A friend gave me this pen in kit form. She included the bushings for holding the barrel on the mandrel, but not a mandrel. I do not have a mandrel. I decided to make my own precision mandrel and do a good job of turning the acrylic barrel blank. That means it had to be correctly centered while turning and with no vibration.
Step 1: The Parts
This pen is from Woodcraft. The barrel features a cylindrical circuit board in clear acrylic. In addition to the various parts, you see a 1/4 inch steel rod from my workshop. The barrel blank shows the two bushings for mounting the barrel blank on a mandrel. I inserted the bushings into the ends of the barrel blank so I could determine how long to cut the 1/4 inch steel rod I will use to make a mandrel. The holes in the bushings are just a little too small for the 1/4 inch rod. I suspect the holes are 6 mm, which would be just a tiny bit smaller than 1/4 inch. My finger marks the length I want to cut for the mandrel.

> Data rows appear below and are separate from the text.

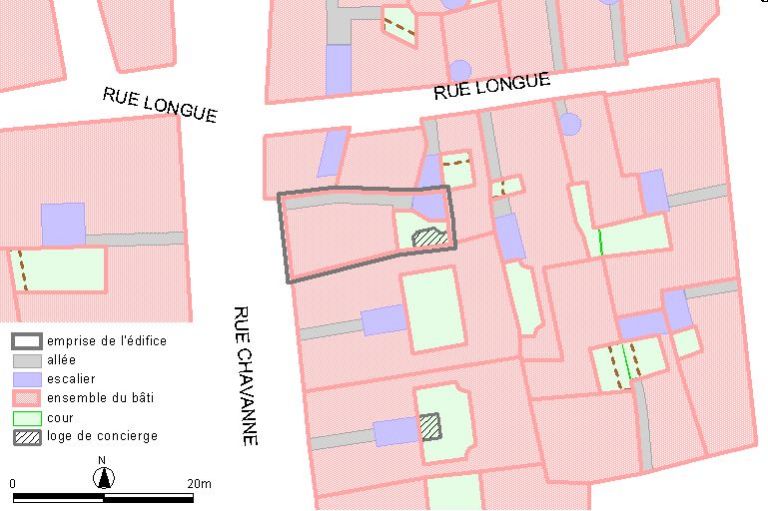 Plan-masse, d'après le système urbain de référence, version 1999.
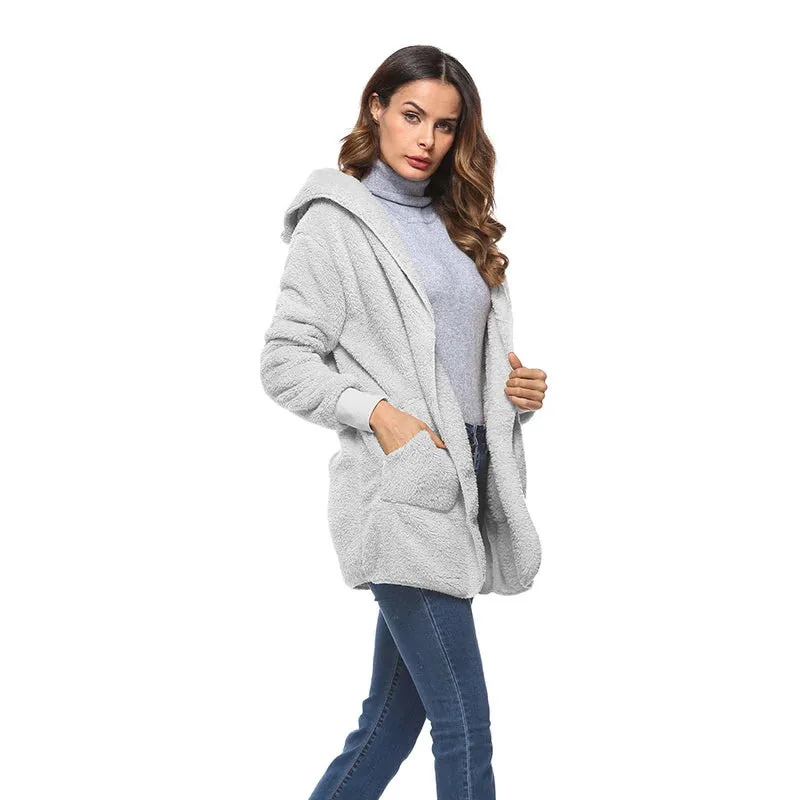 Women's Winter Faux Fur Hooded Coat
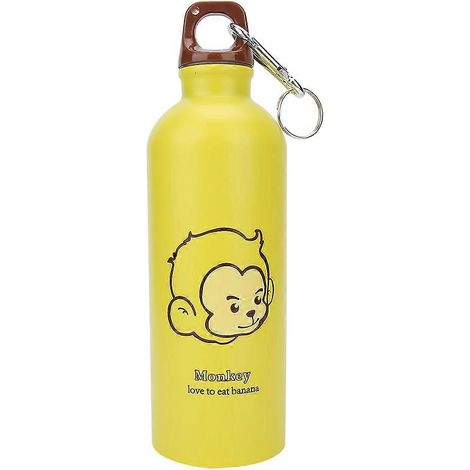 Edelstahl-Trinkflasche für Kinder mit niedlichem Tiermotiv, isolierte Edelstahlflasche für Sport und Outdoor-Aktivitäten, Becher im Kawaii-Abenteurer-Design, wiederverwendbarer Behälter für Schule und (1/5)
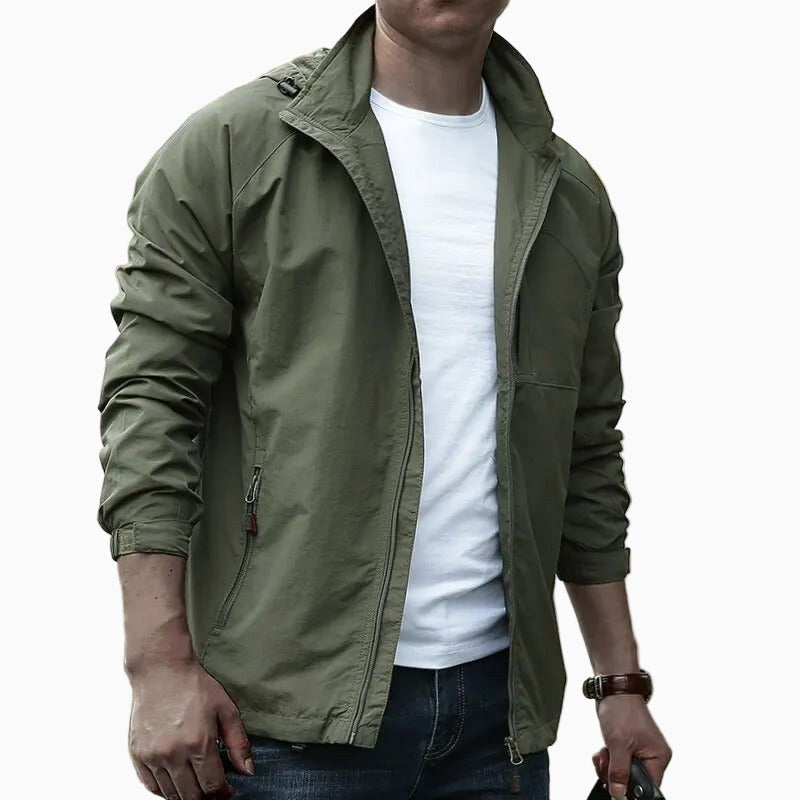 Zac | Men's Waterproof Cargo Jacket, Lightweight Outdoor Jacket | Direct Attire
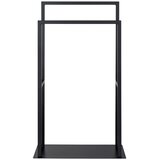 Wenko 26056100 - Stalak za peškire RIVALTA 46x80 cm nerđajući čelik/crna | Eponuda.com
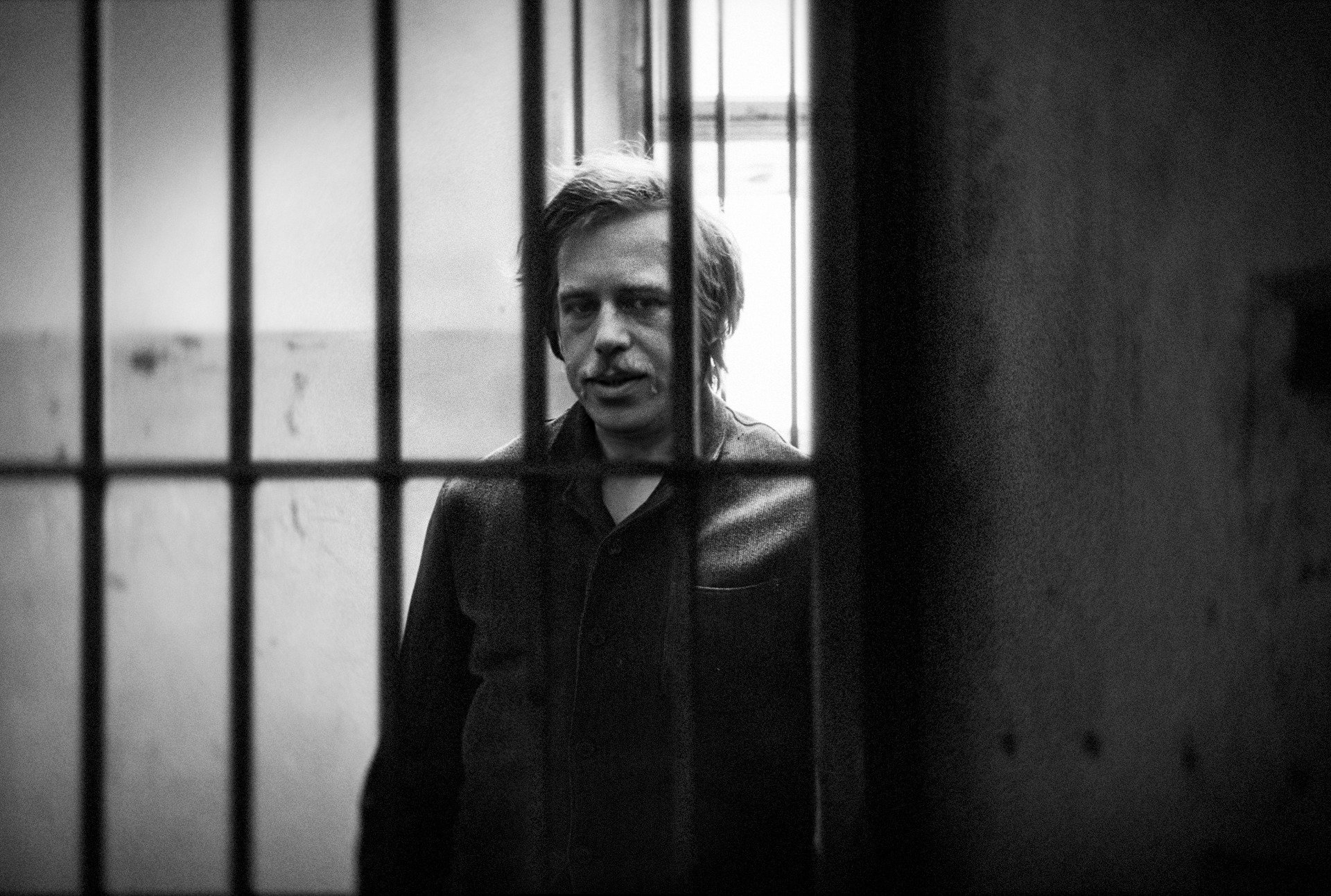 Вацлав Гавел в тюрьме. Фото: архив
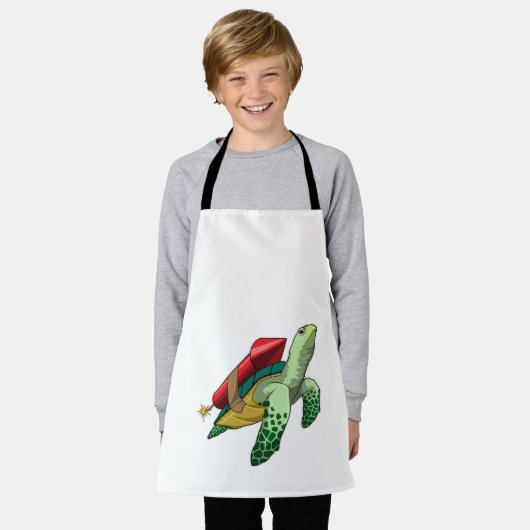 Turtle with Rocket Schort (Gedragen)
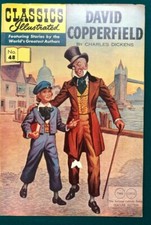 CLASSICS ILLUSTRATED #48 David Copperfield Charles Dickens (Twin Circle) VG+ picture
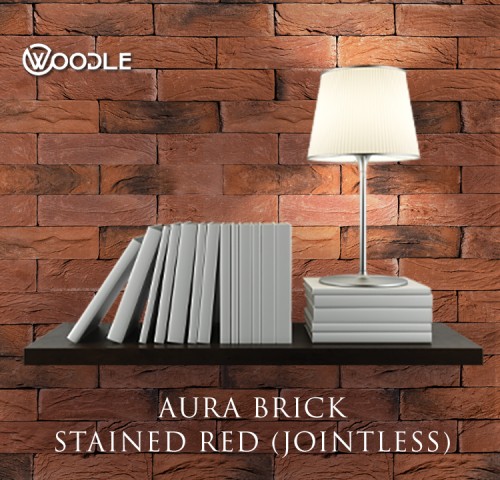 AURA BRICK STAINED RED (JOINTLESS)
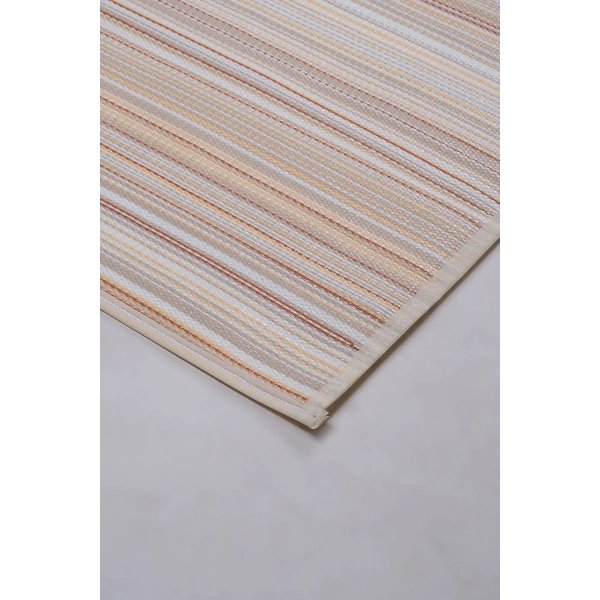 Plastik Halı Katlanabilir Çift Taraflı Plaj Kamp Piknik Balkon Hasır Mat Savan Karavan Halısı Kilim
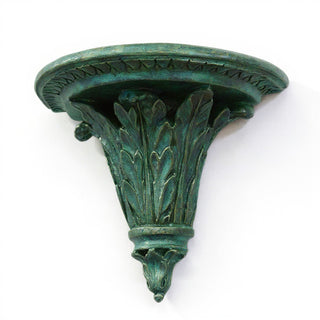 Slender Leaf Bracket Wall Bracket — Green Bronze finish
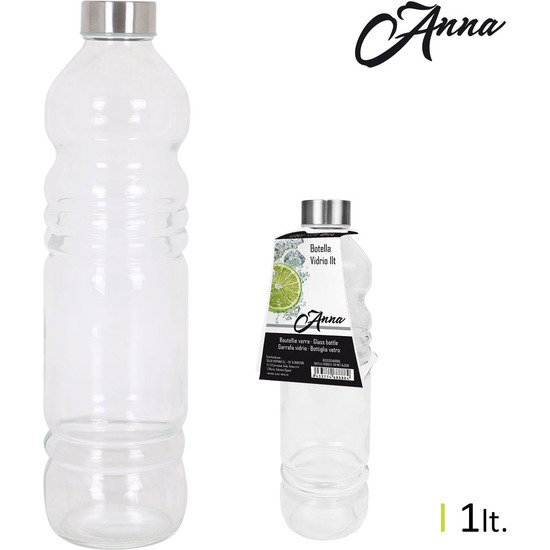 1000CC GLASS BOTTLE 8X31CM ANNA image 0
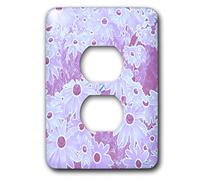 3dRose LLC lsp_27501_6 Viola Occhi Nero Susan Floral Art, 2-Plug Presa Cover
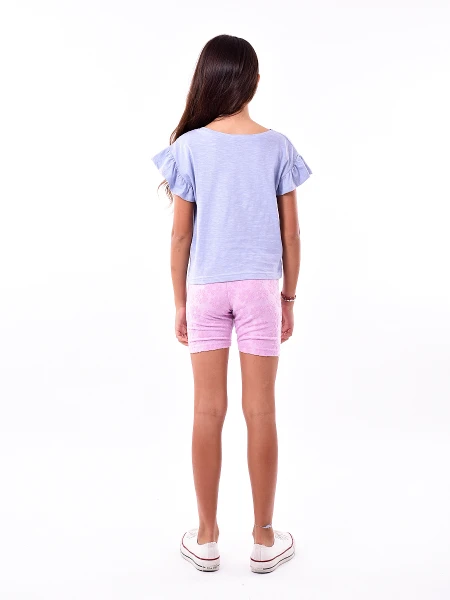 REMERA INÉS KIDS AZUL CLARO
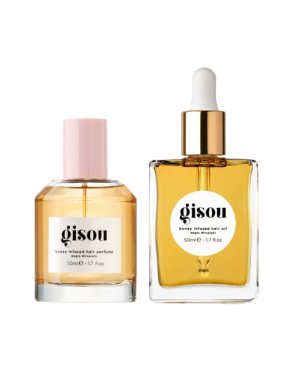 Gisou Honey Infused Hair Oil and Hair Perfume Travel Set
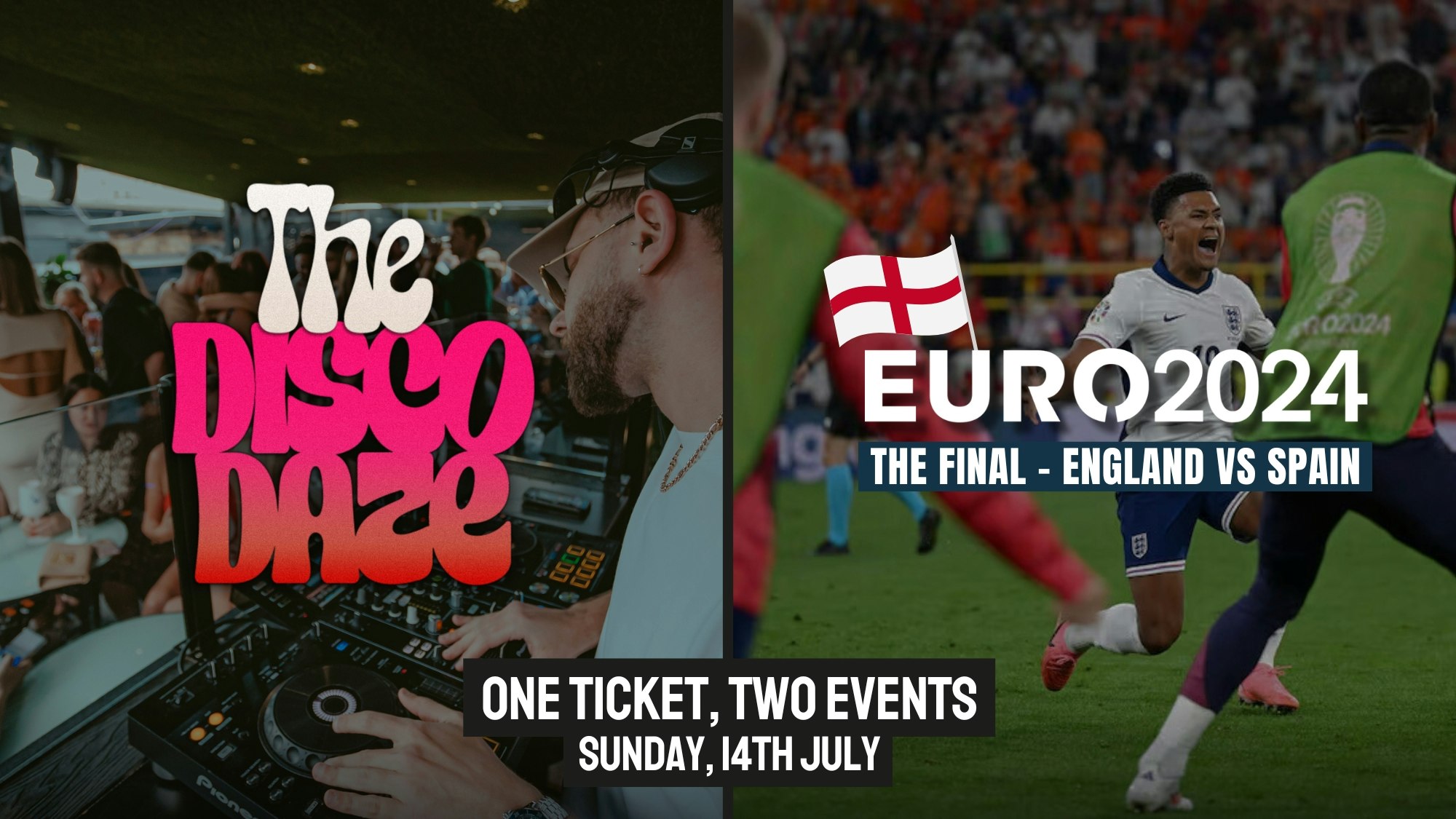 THE DISCO DAZE ROOFTOP PARTY X ENGLAND VS SPAIN [THE EUROS FINAL]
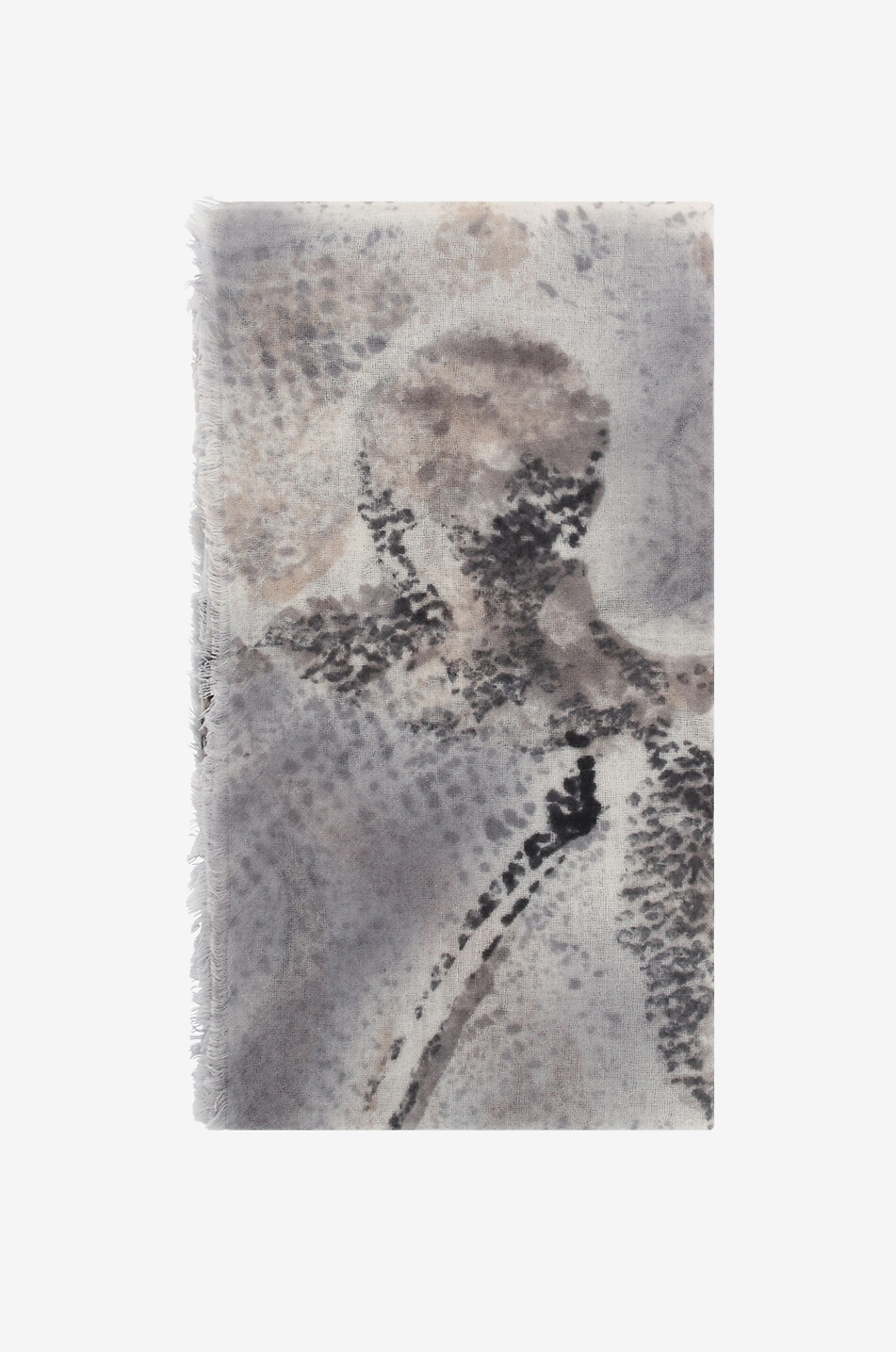 Dianora foliage print shawl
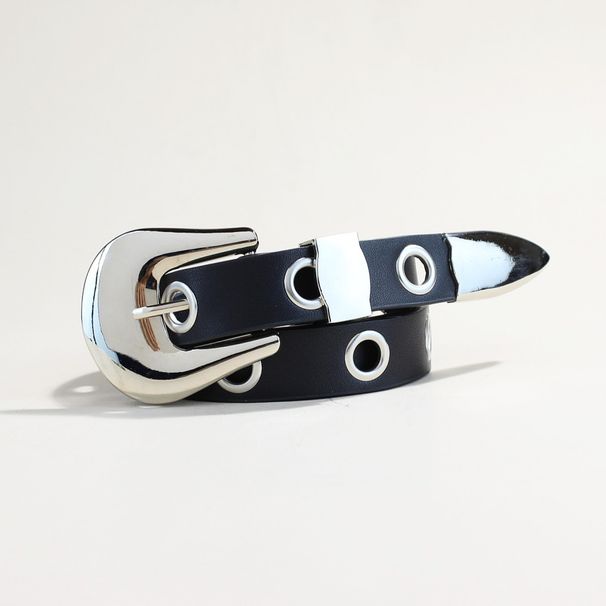 Punk Tarzı Kadın Kemer Seti - Tokalı 3 Parçalı İnce Bel Kemeri, Kot Pantolon ve Etekler İçin Gotik Rock Şıklığında Ayarlanabilir Pantolon Kemeri_voghion.com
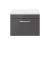 600mm Wall Hung Cabinet With Sparkling White Worktop - Nuie ATH077LSW Gloss Grey, Grey colour ,image 1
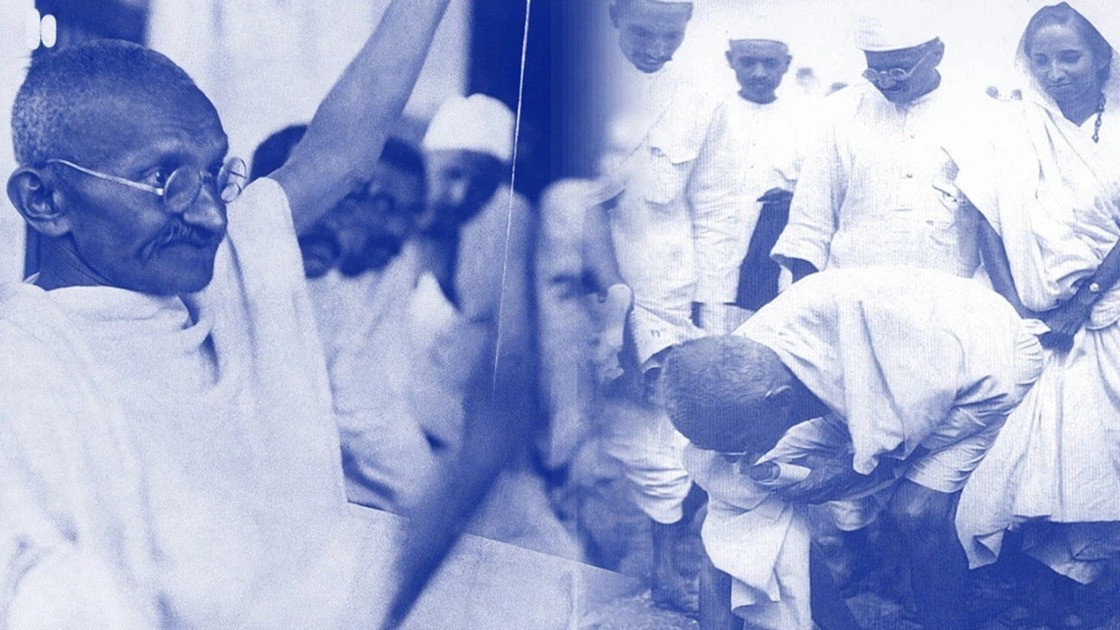 Why did Gandhi choose salt for the movement?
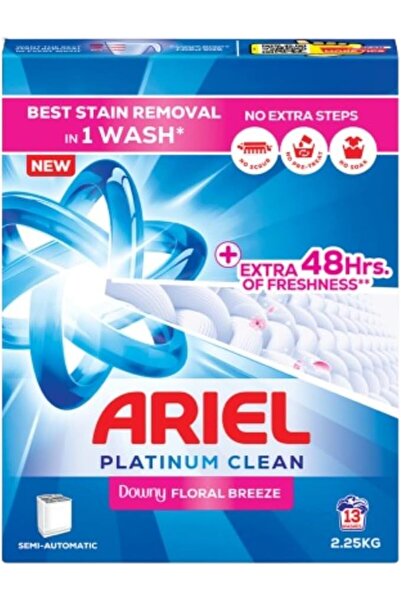 Ariela Sebis Ariel Platinum Clean Semi-Automatic Floral Breeze, 2.25 Kg, Laun...
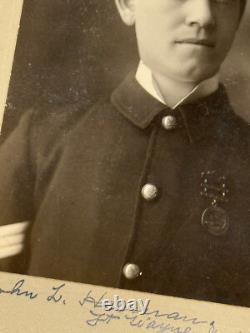 1880s John L Herman Civil War Soldier Portrait photo Fort Wayne IN Miner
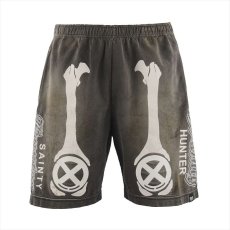 画像1: ©SAINT Mxxxxxx x BOUNTY HUNTER BH_CUT SEW SHORTS BONE Charcoal (ショーツ) (1)
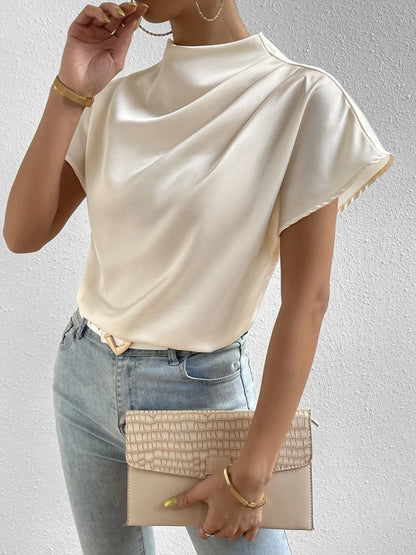 Silk draped top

Step 2: File the Rod to Make a Mandrel
The plan is to chuck the 1/4 inch rod in my drill press and lightly file the rod while the drill press is running at its slowest speed of about 500 rpm. In the photo you can see I began near the bottom of the rod and filed until one of the bushings would just slide onto the 1/4 inch rod. Then file a bit above where the bushing stopped until the bushing will slide farther onto the rod. There is a lot of stopping the drill press, checking the fit, and starting again to file more. But, in very little time I had resized the 1/4 inch rod for the mandrel bushings. Since I was removing only a little material from the rod and the filing is done at slow rpm's, there was little danger the rod would go out of round.
Step 3: Thread the End of the Rod
Here I am taking a measurement to determine how much threading I need to do. You can see the rod is firmly held by the drill chuck on its upper end. Next comes one of the pen barrel bushings. Then comes the barrel blank. At the bottom is the other barrel blank bushing. A self-locking nut will compress the assembly to keep the barrel blank from slipping on the mandrel. If it does slip a little during operations, just tighten the self-locking nut a little more.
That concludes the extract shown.